Interestingly, you can make it work when "padding" the offset by adding an extra row for each extra_time value:

p4 <- predict(m, newdata = pcod, offset = c(pcod$os, rep(log(0.01), 6))) # This works

Also works when no extra_time is provided:

m2 <- sdmTMB(
  data = pcod,
  formula = density ~ poly(log(depth), 2),
  mesh = mesh,
  offset = pcod$os,
  family = tweedie(link = "log"),
  spatial = "on",
  time = "year",
  spatiotemporal = "AR1"
)

p5 <- predict(m2, newdata = pcod, offset = pcod$os) # This works

I found it informative that the prediction for p1 has six more rows than all other predictions (one for each extra_time), which is especially interesting given that p4 has a longer offset:

dim(p1)
# [1] 2149   19
dim(p3)
# [1] 2143   18
dim(p4)
# [1] 2143   18
dim(p5)
# [1] 2143   18

I think the problematic padding of newdata occurs here and here.

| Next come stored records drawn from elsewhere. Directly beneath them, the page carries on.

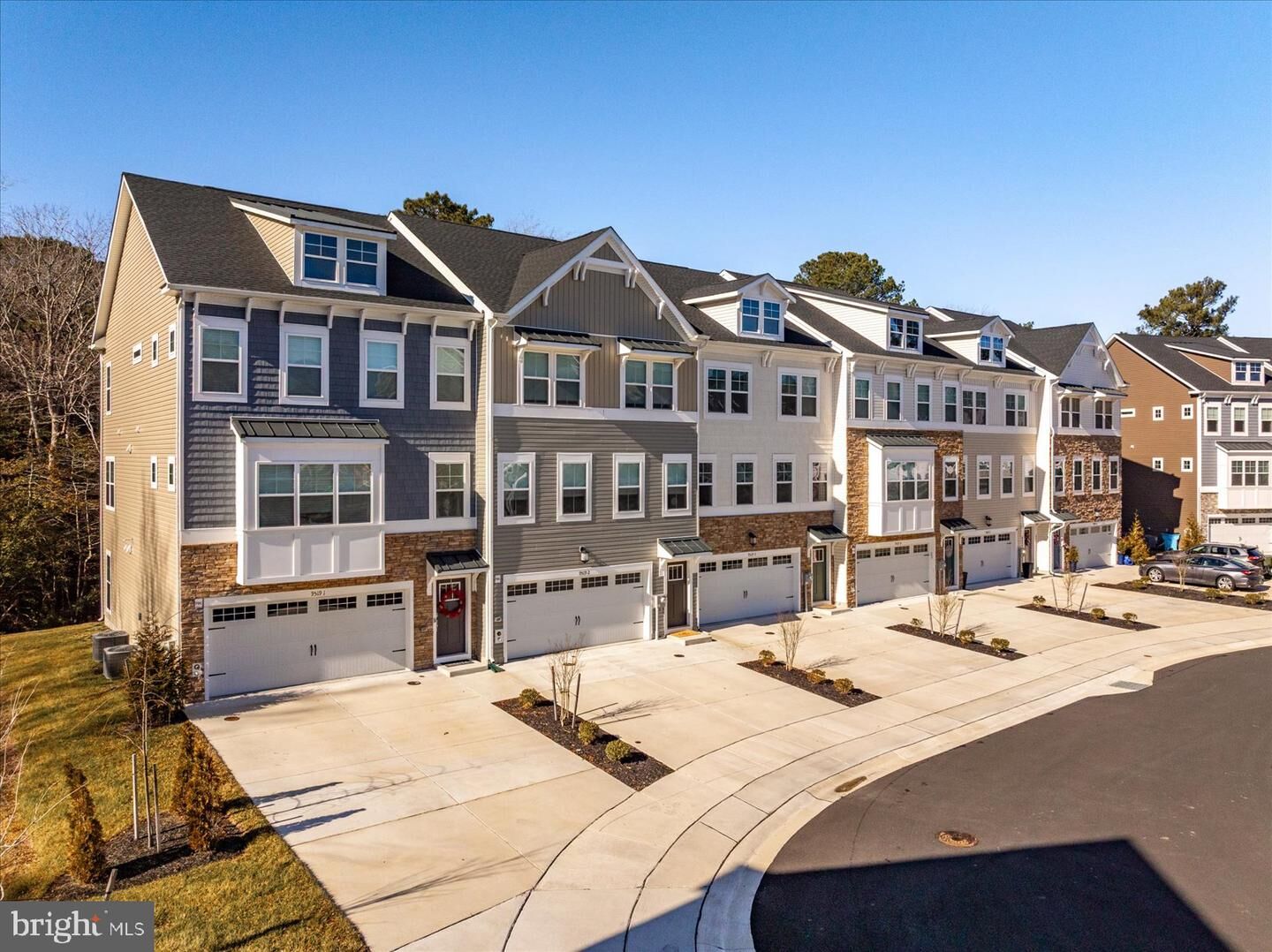 Property Photo: 9519 Seascape Lane 3 MD 21811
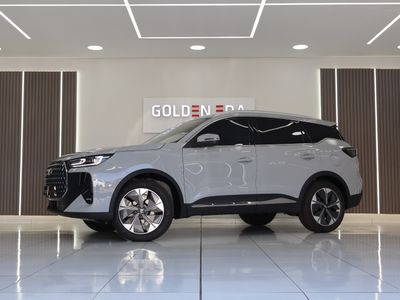 2026 Chery Tiggo 7 Pro 1.5T Executive DCT Auto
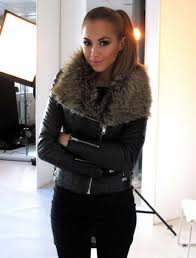 By Kenza Kenzas Fashion Leather Leggings Fashion Style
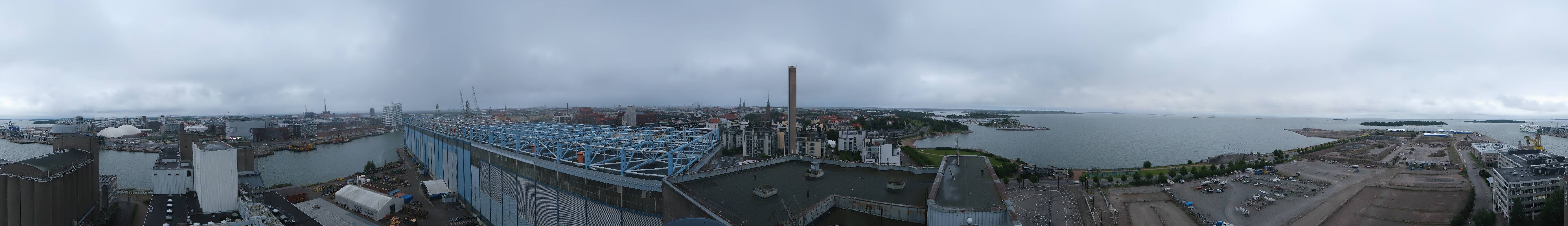 Archived image Webcam Helsinki Shipyard
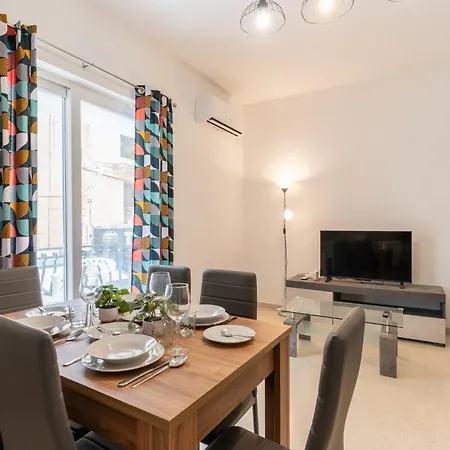 Charming 3bed In St Pauls I * St. Paul's Bay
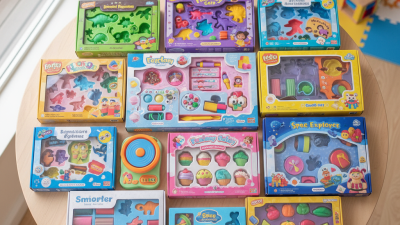 Top 10 Clay Toys for Global Buyers to Enhance Creativity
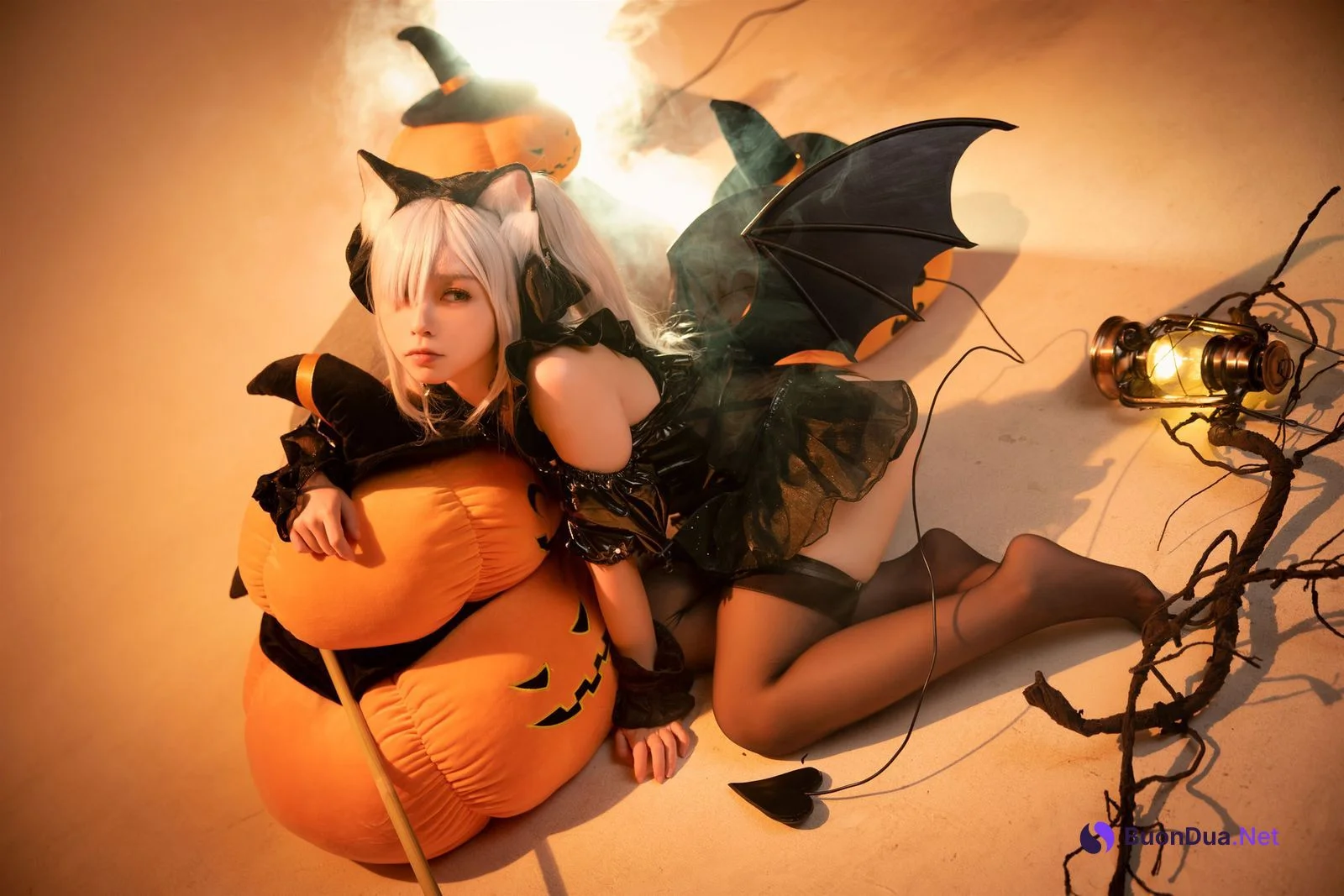 Cosplay G44不会受伤 雅努斯 & ライザリン・シュタウト - Photo 8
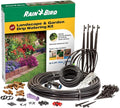 Rain Bird LNDDRIPKIT Drip Irrigation Landscape/Garden Watering Kit with Drippers Micro-Bubblers Micro-Sprays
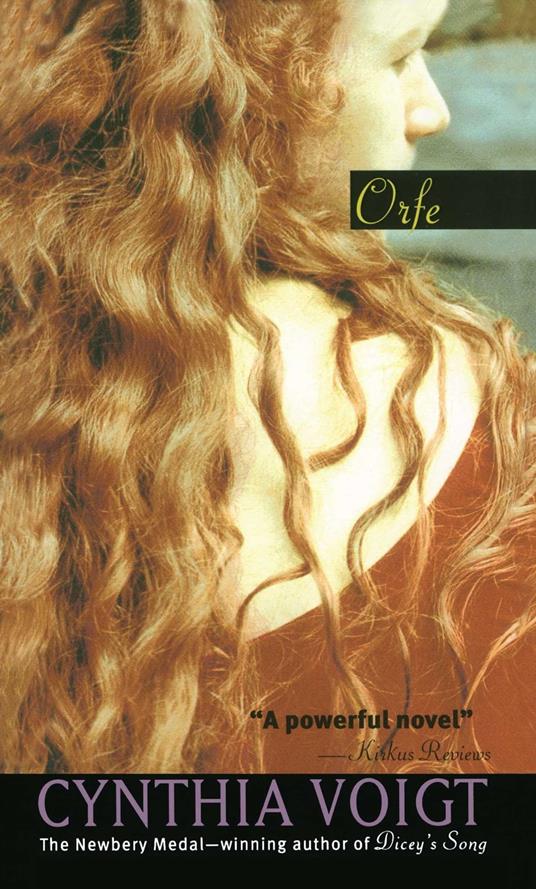 Orfe - Cynthia Voigt - ebook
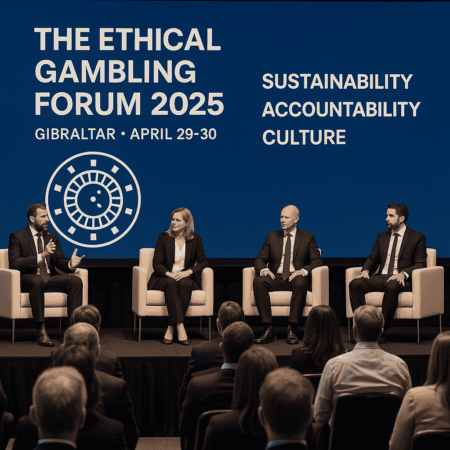 Ethical Gambling Forum 2025: A Focus on Responsible Gaming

I'm not sure why there is the need to add "fake newdata"(_sdmTMB_fake_nd_ = TRUE) to newdata when there are extra_time values if there are no rows with those timesteps present in newdata? I first thought the easiest solution would be to pad the offset vector internally at the same time as newdata, but then I wondered why you'd want those extra six rows in your prediction output? Not sure what the ideal solution should look like yet.

seananderson commented 10 months ago

Thanks! Fixed. Keeping all time slices in the data at all times makes the bookkeeping simpler within the .cpp.